Plaintiff alleges that his wrongful arrest is the result of a conspiracy or “plot” involving
employees at SIUC, as well as “Beyonce Knowles Carter and many other celebrities and famous
wealthy people like the Rocefeller [sic] Family.” (Doc. 1, pp. 1, 5-6).
The purpose of the conspiracy was to prevent Plaintiff from graduating and to allow him
to sell cocaine on behalf of SIUC as a way to pay for the basketball program at SIUC (or as a
way to pay Plaintiff for playing basketball for SIUC). (Doc. 1, pp. 5-6; Doc. 1-1 p. 1).
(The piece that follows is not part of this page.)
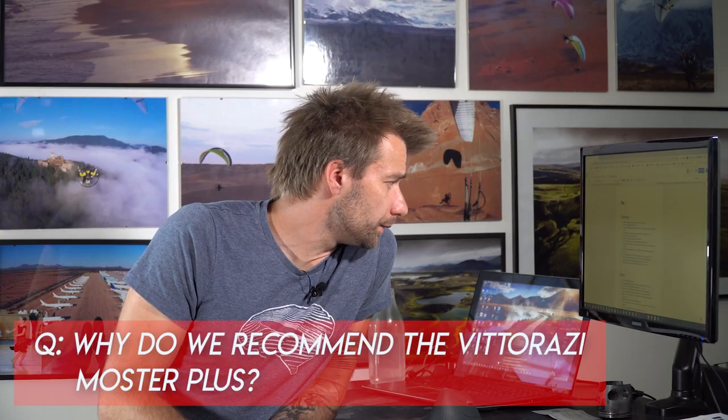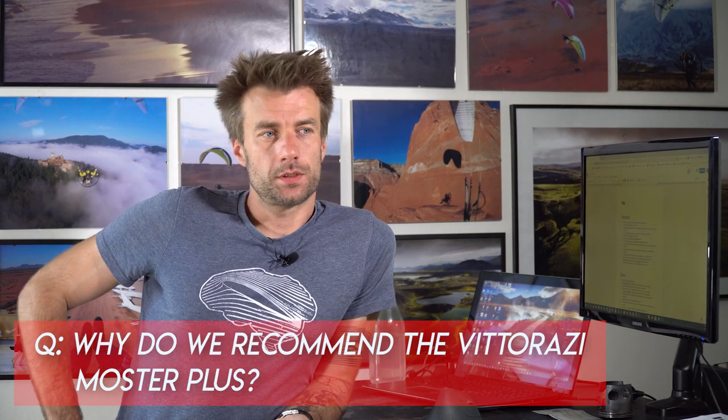Question: why do you recommend the Vittorazi Monster Plus engine? Short answer: because I'm pretty happy with it as a pilot. I like the power delivery, the smoothness, and it is also pretty reliable. We use these engines for our paramotor adventure trips over really unforgiving areas where we need to rely on the motor — and we do. We've had very few problems with the engines in the field, which is amazing given how much we fly.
Plaintiff
specifically alleges as follows with regard to the alleged conspiracy:
The “entire city of Carbondale was taken over by wealthy celebrities and
famous people in a proxy to seduce [Plaintiff] to sell cocaine for the
institution.” (Doc. 1, p. 5).
“SIU has offered to give [Plaintiff] cocaine in order to play college basketball
for the institution. I have refused and because of this they have been taking
actions towards me to mess up my career aspirations.” (Doc. 1-1, p. 1).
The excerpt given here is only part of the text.